Eight long years ago, Texas was thrust into the Great Taco War — a culinary feud sparked by an Eater Austin article that put the state’s capital city at odds with San Antonio. At its height, this debacle made national headlines, roped in city officials, and even got heated enough for celebrities to weigh in. (Pedro Pascal was team San Antonio, obviously).
In a reasonable world, this rivalry would never have gotten off the ground, not just because the article never actually declared San Antonio inferior, but also because, to anyone of sound mind and taste buds, Austin was clearly way, way out of its league. But we don’t live in a reasonable world, and while the feud has simmered, it hasn’t been forgotten.

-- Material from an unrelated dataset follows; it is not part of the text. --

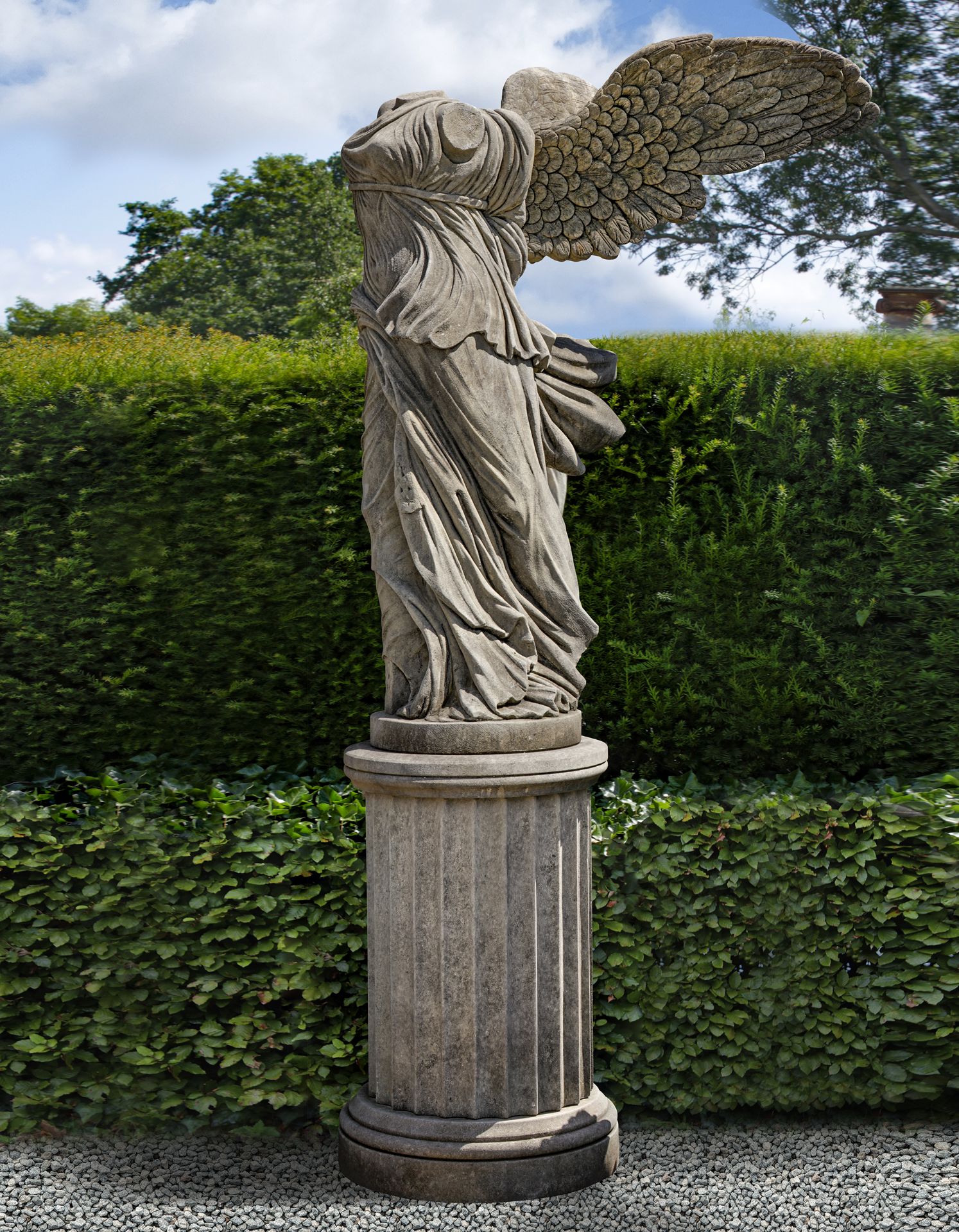 A LARGE AND IMPRESSIVE SCULPTED LIMESTONE MODEL OF THE SAMOTHRACE NIKE, LATE 20TH CENTURY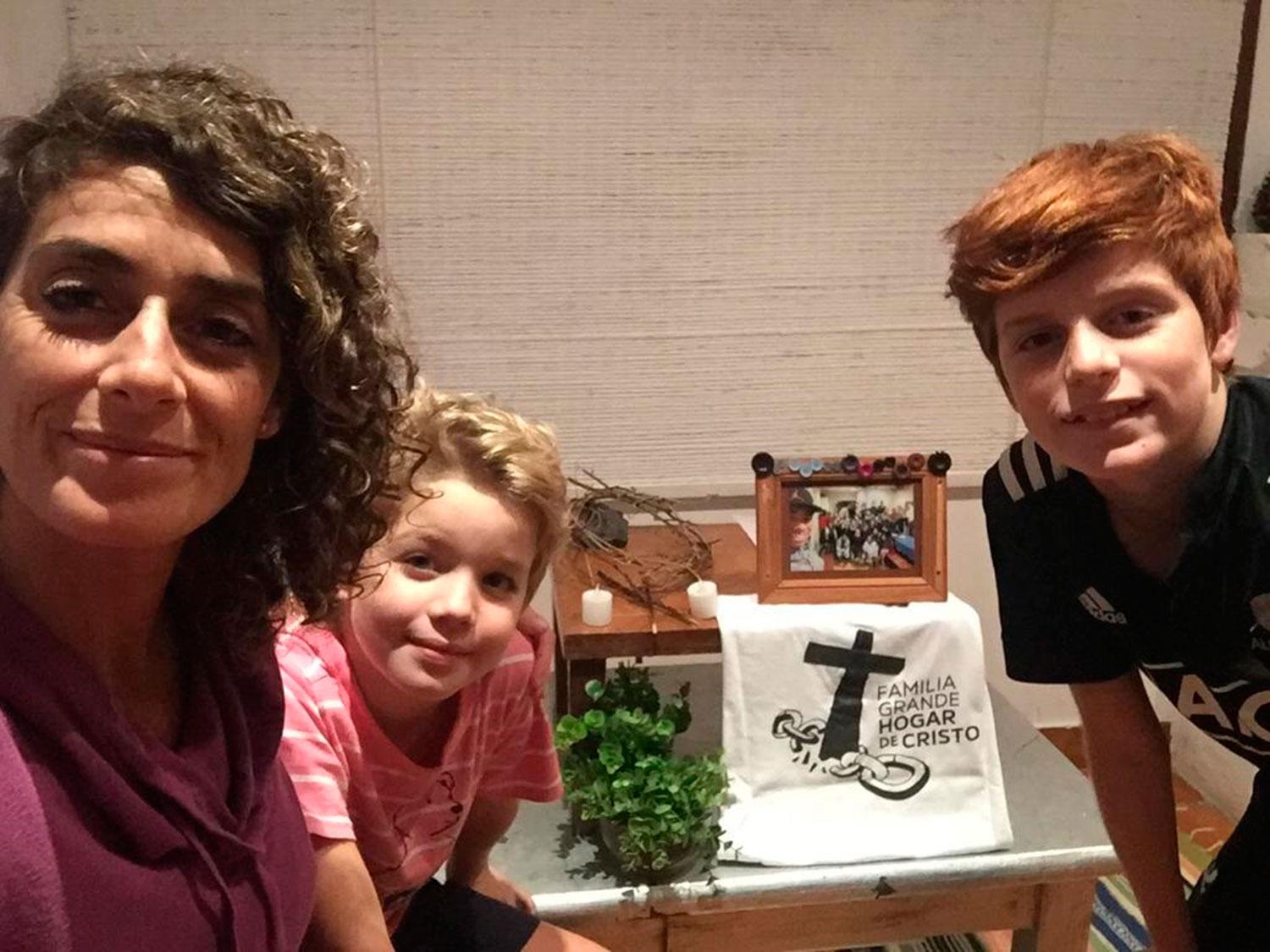 ROMINA RODA. Junto a sus hijos, Martín y Julián, con el altar familiar en su casa.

When it comes to conversations about Texas, we’ve gotten into a nasty habit of letting Austin, Dallas, and Houston suck up all the oxygen in the room.
So why dredge up the past and open up this tense chapter in Texas food history? Because one aspect of the taco war deserves to be revisited: the complete and utter shutout of the Rio Grande Valley.
As Pulido told reporters after her win: “People go to San Antonio, but they don’t know the Rio Grande Valley.” The RGV is spoiled with options for good Tex-Mex and Mexican food. In addition to Ana Liz Taqueria, there are the mouthwatering barbacoa tacos at Vera’s Backyard Bar-B-Que in Brownsville, upscale Mexican eatery Salomé on Main (owned by James Beard Semifinalist, Larry Delgado), or El Pato — a Valley institution best known for its guisados — just to name a few. But it’s not just D Magazine that’s guilty of overlooking the Valley. Last month, when the Michelin Guide revealed that it would finally be coming to Texas, the announcement included Austin, Dallas, Fort Worth, Houston, and San Antonio, but not the RGV.
On some level, it makes sense. The Valley is huge — 4,300 square miles spanning four counties that stretch from the plains to the coast, and includes roughly 1.3 million people. But the vastness of the Valley isn’t the only factor. Its status as a bicultural, binational melting pot has made it a nexus for incredible art, music, and food, but also a target of misinformation about immigration and border violence. And given that its predominantly Hispanic, bilingual population is only predicted to keep growing (the RGV is currently one of the fastest-growing regions in the state), it might be easier for some to dismiss the Valley as an “underdog” instead of a cultural force.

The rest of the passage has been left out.